Resource Allocation for Massive MIMO HetNets with Quantize-Forward Relaying

TL;DR

This paper explores resource allocation in massive MIMO HetNets using quantize-forward relaying, proposing novel algorithms for quantization and decoding that optimize rate regions and simplify implementation without performance loss.

Contribution

It introduces a new water-filling algorithm for quantization optimization and a simplified QF-WZTD scheme that matches the performance of more complex methods.

Findings

Finer quantization for stronger user links to SCBS.

QF-WZTD scheme achieves same rate as QF-JD with simpler decoding.

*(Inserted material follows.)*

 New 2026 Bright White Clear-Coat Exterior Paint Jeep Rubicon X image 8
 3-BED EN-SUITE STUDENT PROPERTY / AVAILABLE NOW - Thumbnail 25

Optimal quantization parameters are identical in both schemes.

Abstract

We investigate how massive MIMO impacts the uplink transmission design in a heterogeneous network (HetNet) where multiple users communicate with a macro-cell base station (MCBS) with the help of a small-cell BS (SCBS) with zero-forcing (ZF) detection at each BS. We first analyze the quantize-forward (QF) relaying scheme with joint decoding (JD) at the MCBS. To maximize the rate region, we optimize the quantization of all user data streams at the SCBS by developing a novel water-filling algorithm that is based on the Descartes' rule of signs. Our result shows that as a user link to the SCBS becomes stronger than that to the MCBS, the SCBS deploys finer quantization to that user data stream. We further propose a new simplified scheme through Wyner-Ziv (WZ) binning and time-division (TD) transmission at the SCBS, which allows not only sequential but also separate decoding of each user message at the MCBS. For this new QF-WZTD scheme, the optimal quantization parameters are identical to that of the QF-JD scheme while the phase durations are conveniently optimized as functions of the quantization parameters. Despite its simplicity, the QF-WZTD scheme achieves the same rate performance of the QF-JD scheme, making it an attractive option for future HetNets.